On ne peut pas douter que l’Utilité dont parle Say est celle qui est dans les choses. Si le blé, le bois, la houille, le drap ont de la valeur, c’est que ces produits ont des qualités qui les rendent propres à notre usage, à satisfaire le besoin que nous avons de nous nourrir, de nous chauffer, de nous vêtir.

Dès lors, comme la nature crée de l’Utilité, elle crée de la Valeur ; — funeste confusion dont les ennemis de la propriété se sont fait une arme terrible.

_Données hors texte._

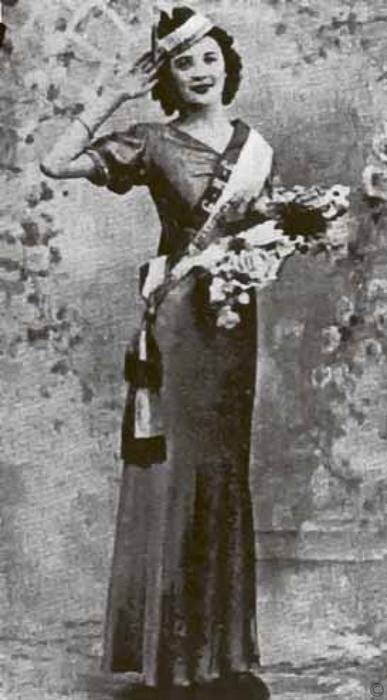 Иллюстрация к книге — Тайны парижских манекенщиц [i_003.jpg]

Voilà un produit, du blé, par exemple. Je l’achète à la halle pour seize francs. Une grande partie de ces seize francs se distribue, par des ramifications infinies, par une inextricable complication d’avances et de remboursements, entre tous les hommes qui, de près ou de loin, ont concouru à mettre ce blé à ma portée. Il y a quelque chose pour le laboureur, le semeur, le moissonneur, le batteur, le charretier, ainsi que pour le forgeron, le charron qui ont préparé les instruments. Jusqu’ici il n’y a rien à dire, que l’on soit économiste ou communiste.

Mais j’aperçois que quatre francs sur mes seize francs vont au propriétaire du sol, et j’ai bien le droit de demander si cet homme, comme tous les autres, m’a rendu un Service pour avoir, comme tous les autres, droit incontestable à une rémunération.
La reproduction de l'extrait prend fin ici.